Emily Reilly, Director of Public Engagement at BGC, is working with BGC designer Jocelyn Lau, website manager Hellyn Teng, and associate curator Emma Cormack, as well as LaGuardia Community College faculty members Filip Stabrowski (anthropology) and Liena Vayzman (art history), to create a second installation of Connecting Threads, an online exhibition curated by LaGuardia Community College students that reveals the unique histories and meanings of clothing and other objects of adornment. LaGuardia Community College is recognized for its diverse student body and the largest English as a Second Language program in New York City, and the diversity of the students is reflected in the objects they select for the exhibition.

In March, BGC will begin offering virtual tours of its popular French Fashion, Women, and the First World War exhibition, which was on view in the BGC Gallery in fall 2019. For one tour each week, American Sign Language interpretation will be provided.

Carla Repice, Senior Director of Education, Engagement, and Interpretation is working with assistant professor Meredith Linn, independent social justice consultant Ama Codjoe, coordinator of public engagement Nadia Rivers, and several Teen Thinkers to plan a professional development workshop for New York City school teachers about Seneca Village (the predominantly African American community that the city displaced in 1857 during the construction of Central Park) centering the voices of Black scholars and stakeholders with contributions from the young people of the Lab for Teen Thinkers. The workshop will be held on June 3, Chancellor’s Day.


Early in 2021 Bard Graduate Center announced the appointment of Arjun Appadurai—an internationally recognized scholar in contemporary social-cultural anthropology and the cultural dynamics of globalization—as Max Weber Global Professor, effective July 1, 2021. Dean Peter Miller contextualized the development saying, “This is an exciting moment in the history of the institution and opens a glimpse towards a future where our collaborative intellectual venture extends further and the strands of the inquiry launched here 27 years ago grow ever denser and more fruitful.” Dr. Appadurai’s research and teaching at BGC will focus on the intersection of material culture studies, anthropology, social history, and economics.

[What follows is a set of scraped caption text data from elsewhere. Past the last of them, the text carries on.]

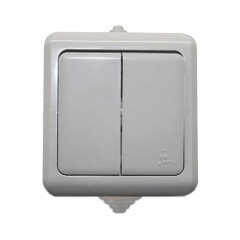 Выключатель двойной IP54 Серый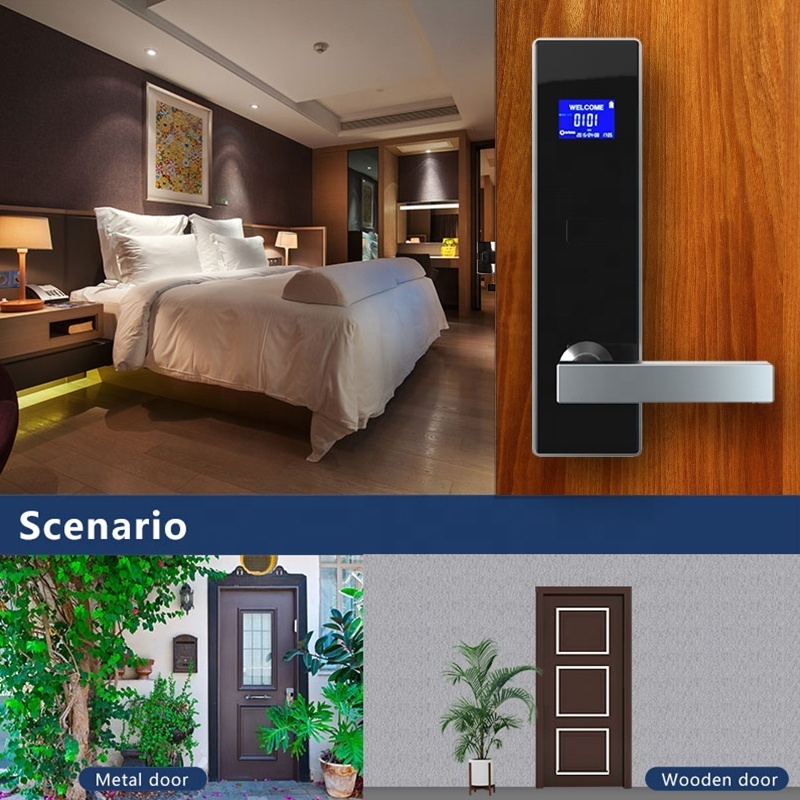 Orbita Black Color Intelligent Smart RFID Swipe Rfid Key card Hotel Door Locks with Hotel Management Software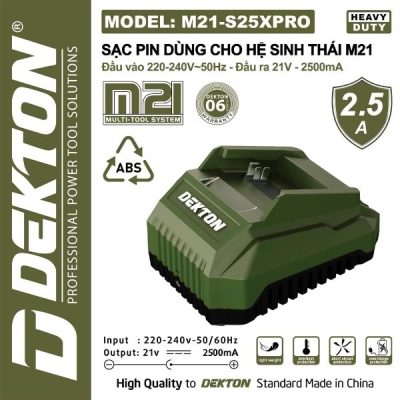 Sạc 21V 2.5A Dekton M21-S25XPRO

Fields of the Future Institute
The Fields of the Future Institute (FFI) is a new initiative at BGC that aims to expand the sources, questions, practices, perspectives, practitioners, and audiences of interdisciplinary humanities scholarship. It operates through a series of programming initiatives that explore how our intellectual landscape should change by posing new questions and suggesting new ways to answer old questions, and by bringing new voices into the scholarly conversation. FFI’s initiatives intersect with BGC’s DEAI efforts in that many of them explicitly aim to bring more Black, Indigenous, and people of color to the fields of decorative arts, design history, and material culture and elevate their voices.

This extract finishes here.